--- Stored data ---

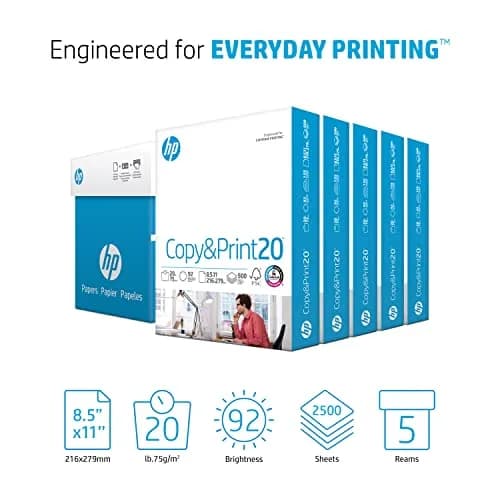 HP Papers Copy & Print 20 lb Printer Paper 2500 Sheets (8.5 x 11 Inch, 92 Bright) | FSC Certified, Acid-Free thumbnail 2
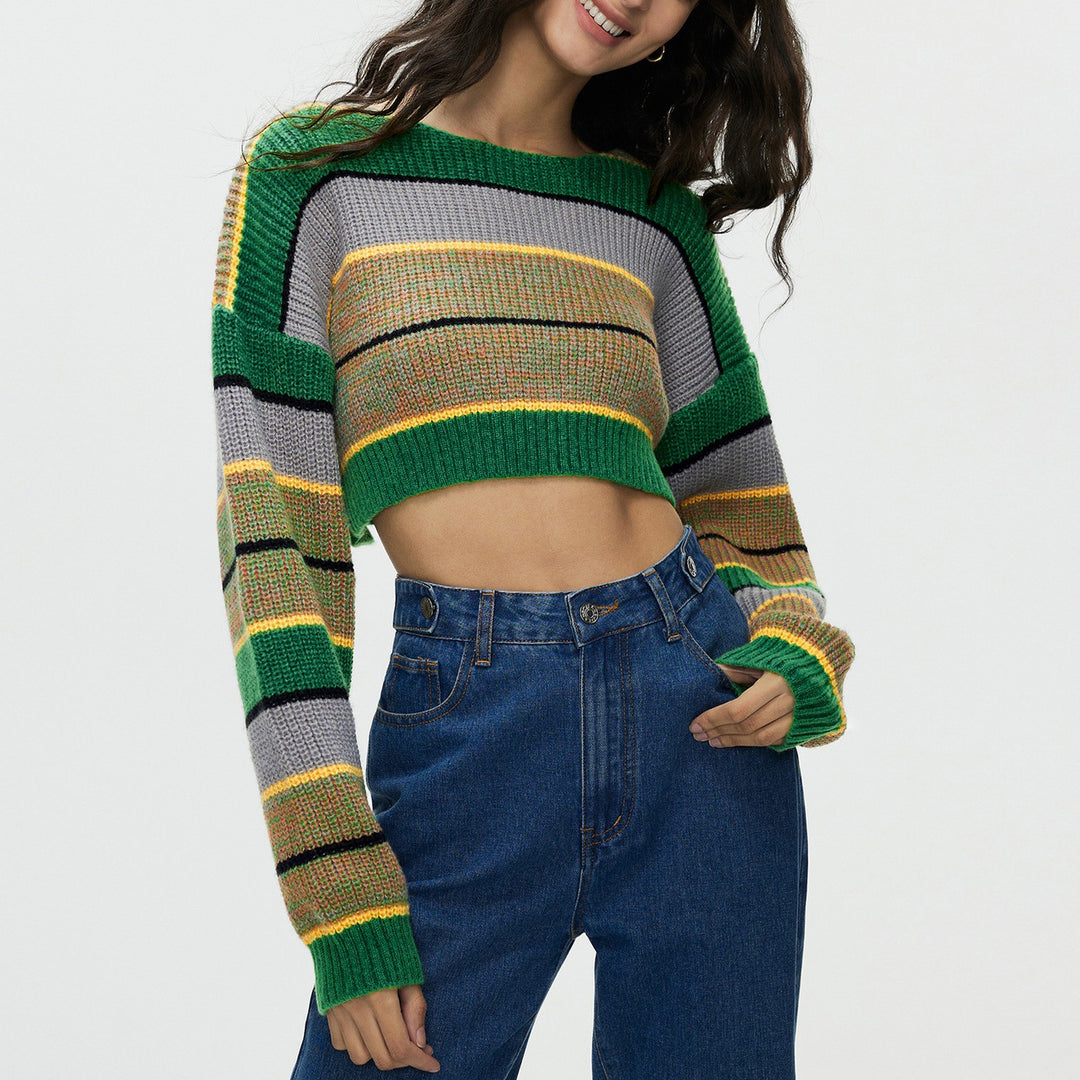 Damen Crop-Pullover mit lässigen Streifen und weichem Material R&B
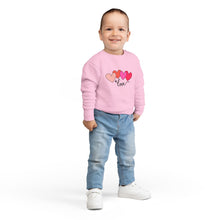 Load image into Gallery viewer, Toddler Sweatshirt — Pink Heart "Love" Pullover (Valentine’s Day Kids Gift) Family Matching
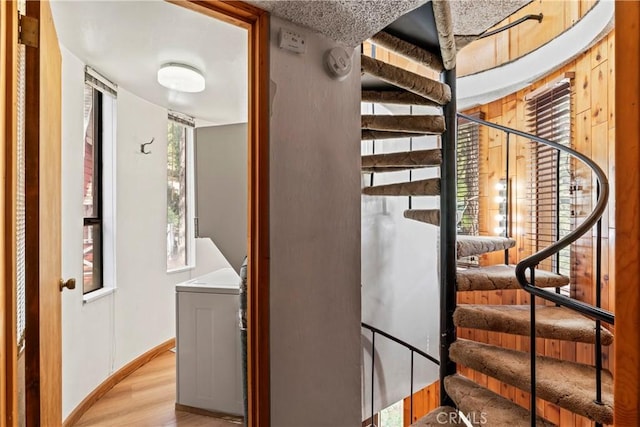 31867 Wagon Wheel Dr, Running Springs, CA 92382 - staircase featuring wood finished floors and baseboards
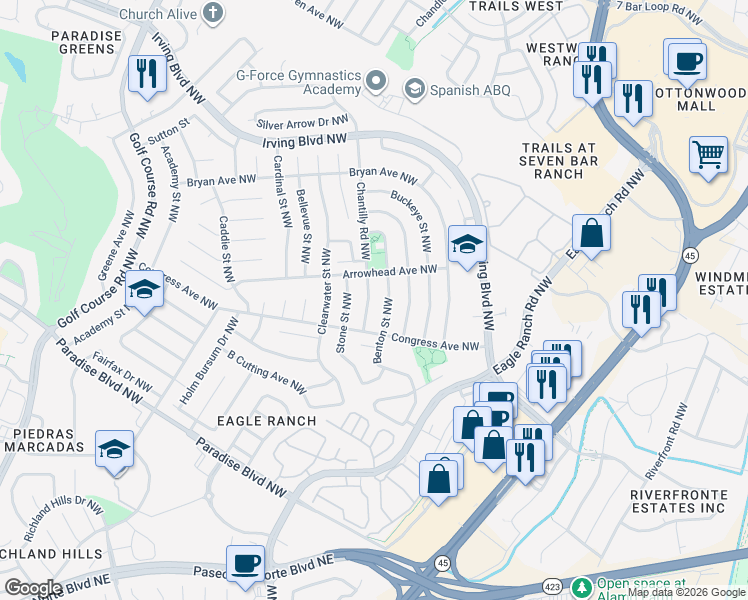 map of restaurants, bars, coffee shops, grocery stores, and more near 9836 Benton Street Northwest in Albuquerque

---

_To do_
Your answer must be the lines from the one holding "Load image into" through the final line of the records above, exactly as written and without any pictures.

_Written reply_
 Load image into Gallery viewer, Toddler Sweatshirt — Pink Heart "Love" Pullover (Valentine’s Day Kids Gift) Family Matching
 31867 Wagon Wheel Dr, Running Springs, CA 92382 - staircase featuring wood finished floors and baseboards
 map of restaurants, bars, coffee shops, grocery stores, and more near 9836 Benton Street Northwest in Albuquerque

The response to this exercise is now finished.